::: Material for the task

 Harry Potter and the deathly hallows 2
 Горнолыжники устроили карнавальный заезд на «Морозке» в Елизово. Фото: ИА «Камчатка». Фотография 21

::::::
::: Material for the task

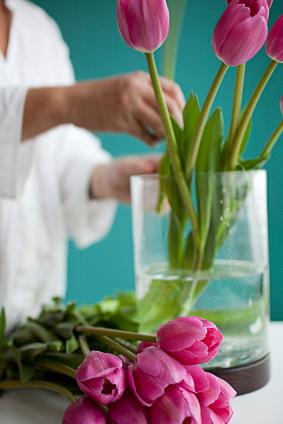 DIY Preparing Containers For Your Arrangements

::::::
::: Material for the task

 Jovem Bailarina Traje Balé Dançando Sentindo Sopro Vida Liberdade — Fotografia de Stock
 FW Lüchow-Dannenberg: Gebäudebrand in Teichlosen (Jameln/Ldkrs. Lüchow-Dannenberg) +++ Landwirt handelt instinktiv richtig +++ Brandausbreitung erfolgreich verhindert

::::::

Exercise brief: Give back the records above exactly, limited to the lines between the one holding "Harry Potter and the deathly hallows 2" and the one holding "Горнолыжники устроили карнавальный", inclusive.

Answer box:
 Harry Potter and the deathly hallows 2
 Горнолыжники устроили карнавальный заезд на «Морозке» в Елизово. Фото: ИА «Камчатка». Фотография 21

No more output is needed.